The indictment accused the defendant of kidnapping in the first degree and charged that, "at the City of West Haven on May 22, 1981," the defendant abducted the victim and restrained her with the intent to inflict physical injury upon her and to violate and abuse her sexually in violation of General Statutes § 53a-92(a)(2)(A). (Emphasis added.)

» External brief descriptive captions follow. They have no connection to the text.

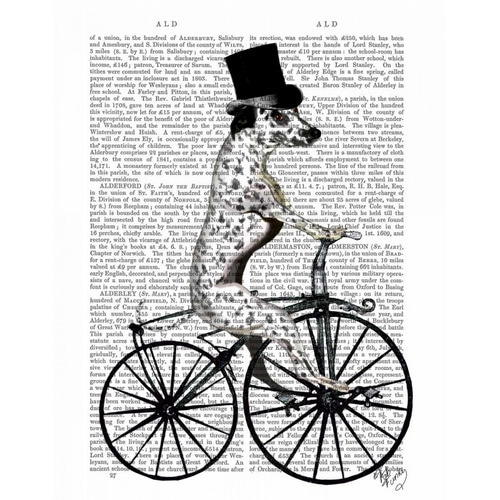 Dalmatian on Bicycle
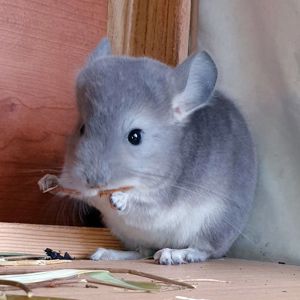 Маленький самец шиншиллы окраса Фиолетовый носитель ангоры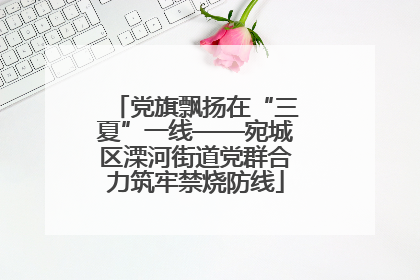 党旗飘扬在“三夏”一线——宛城区溧河街道党群合力筑牢禁烧防线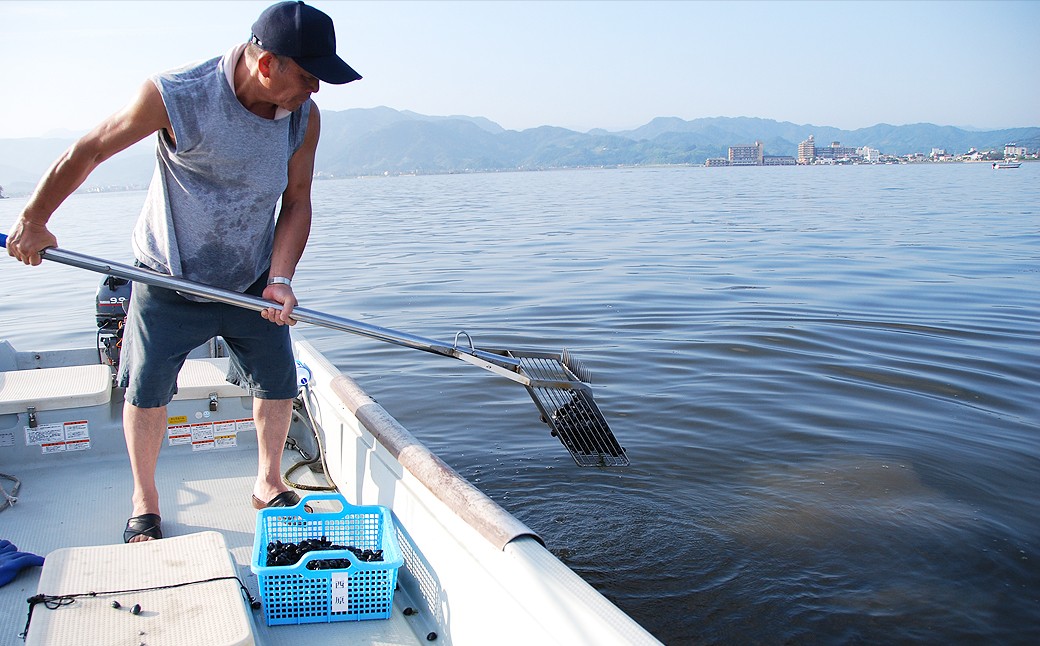 B24-043 東郷湖冷凍しじみ（大粒） 2kg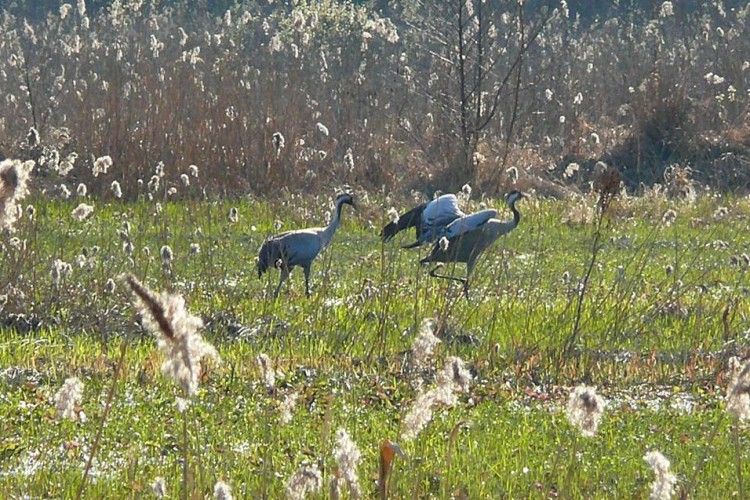 На Чортовому болоті Цуманської пущі – сезон журавлиних весіль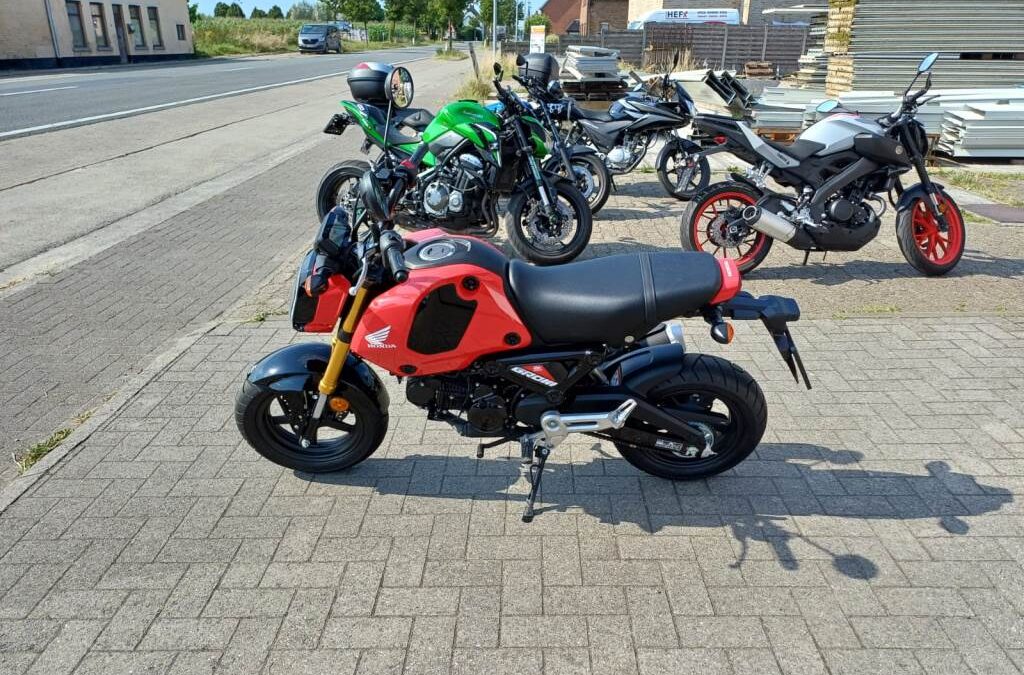 Honda	MSX125 Grom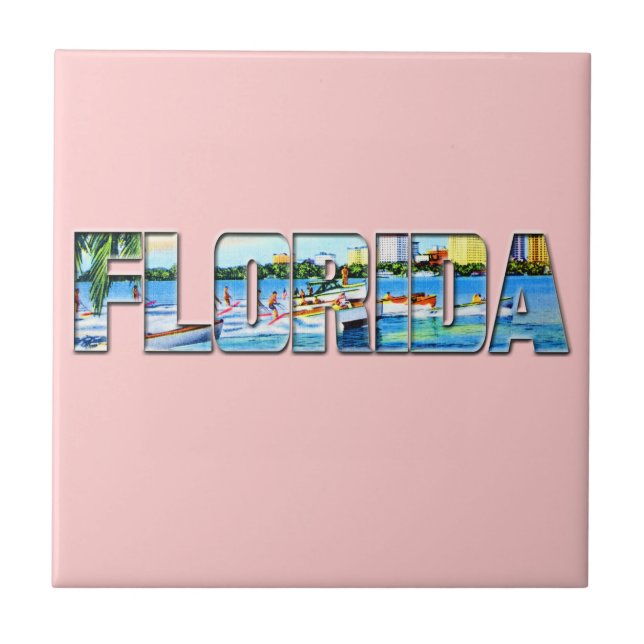 Vintage Florida (Frente)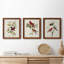 Pl 354 Louisiana Tanager - Ensemble de 3 peintures sur toile encadrées-384900184-384900185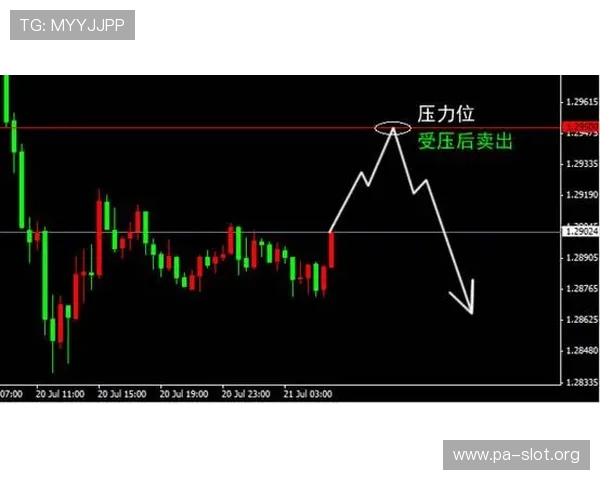 雄鹿压力抵抗效率最新排名出炉 盘口倾向数据揭示关键走势 雄鹿压力抵抗效率最新排名出炉 盘口倾向数据揭示关键走势
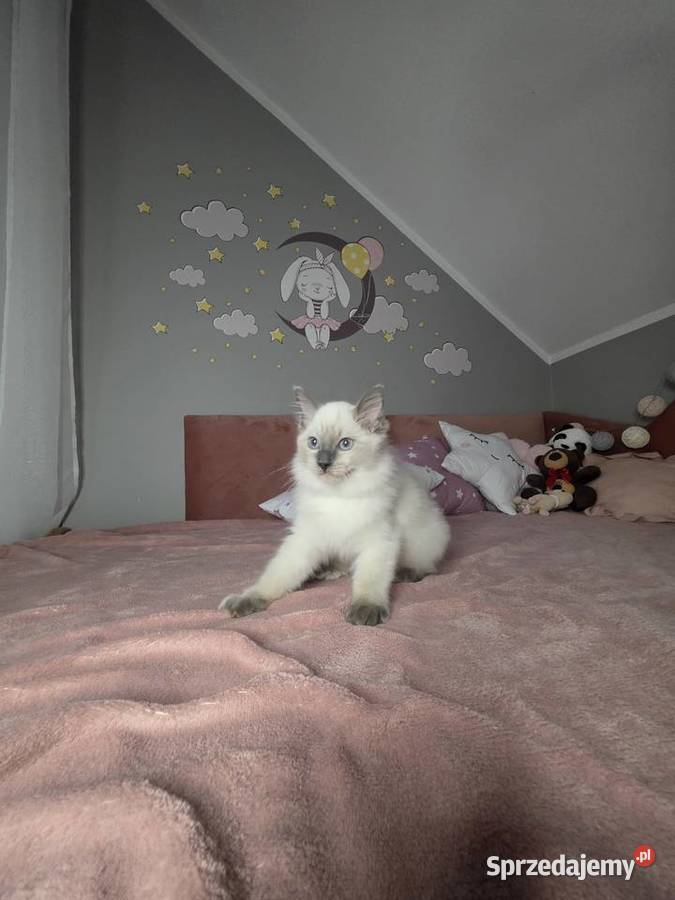 Uroczy ragdoll kocurek FPL prawdziwy rodowód Uścikowo sprzedam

The defendant first claims that there was a variance between the indictment and the proof offered at trial and that he was prejudiced thereby. He argues, therefore, that the court erred in "accepting" the jury verdict of guilty to the charge of kidnapping. This claim is premised on the defendant's view that the victim originally agreed to accompany him and that she did not protest her presence in his truck or request to be returned to her home until his truck was on the entrance to interstate 95 in New Haven. Therefore, he claims that she was not restrained and abducted in the city of West Haven as alleged in the indictment. The defendant does not claim, as indeed he cannot, that the court lacked jurisdiction. General Statutes (Rev. to 1981) §§ 51-344(4), 4 51-352c. 5

"This court will construe the evidence in the light most favorable to sustaining the [jury's] verdict and will affirm the conclusion of the trier of fact if it is reasonably supported by the evidence and the logical inferences drawn therefrom." State v. D'Antuono, 186 Conn. 414, 421, 441 A.2d 846 (1982). The court correctly charged the jury that the "restraint" which is the basis of the crime of kidnapping must have been imposed on the victim without the victim's consent and that acquiescence secured by fraud or deception is not deemed consent. See General Statutes § 53a-91(1)(a). The fact that the victim did not affirmatively and vocally protest her continued presence in the defendant's truck and request him to return her to her home until the truck entered upon interstate 95 in New Haven has no effect on the validity of the jury's verdict in this case. The jury could reasonably have found proved beyond a reasonable doubt that, while parked in front of her home in West Haven, the defendant requested the victim to accompany him to show him the entrance to interstate 95 and he promised to return her to her home when that was accomplished. The jury could also have found proved beyond a reasonable doubt that the defendant's request and promise were a ruse employed to lure the victim into his control and that she was therefore deceived into remaining with him. People v. Valero, 120 Misc.2d 539, 542, 466 N.Y.S.2d 600 (1983). The fact that the victim did not know that she was being restrained is of no consequence. See United States v. Hoog, 504 F.2d 45, 51 (8th Cir.1974); State v. Colbert, 221 Kan. 203, 557 P.2d 1235 (1976); State v. Alston, 294 N.C. 577, 588-89, 243 S.E.2d 354 (1978). The word "deception" as used in General Statutes § 53a-91(1)(a) 6 implies that the victim did not know she was being restrained. See State v. Colbert, supra, 221 Kan. 209, 557 P.2d 1235. It is the intent of the accused which the state has to prove, not that of the victim. The jury therefore could have found that the victim was restrained and abducted in West Haven. There was no variance between the indictment and the proof adduced at trial.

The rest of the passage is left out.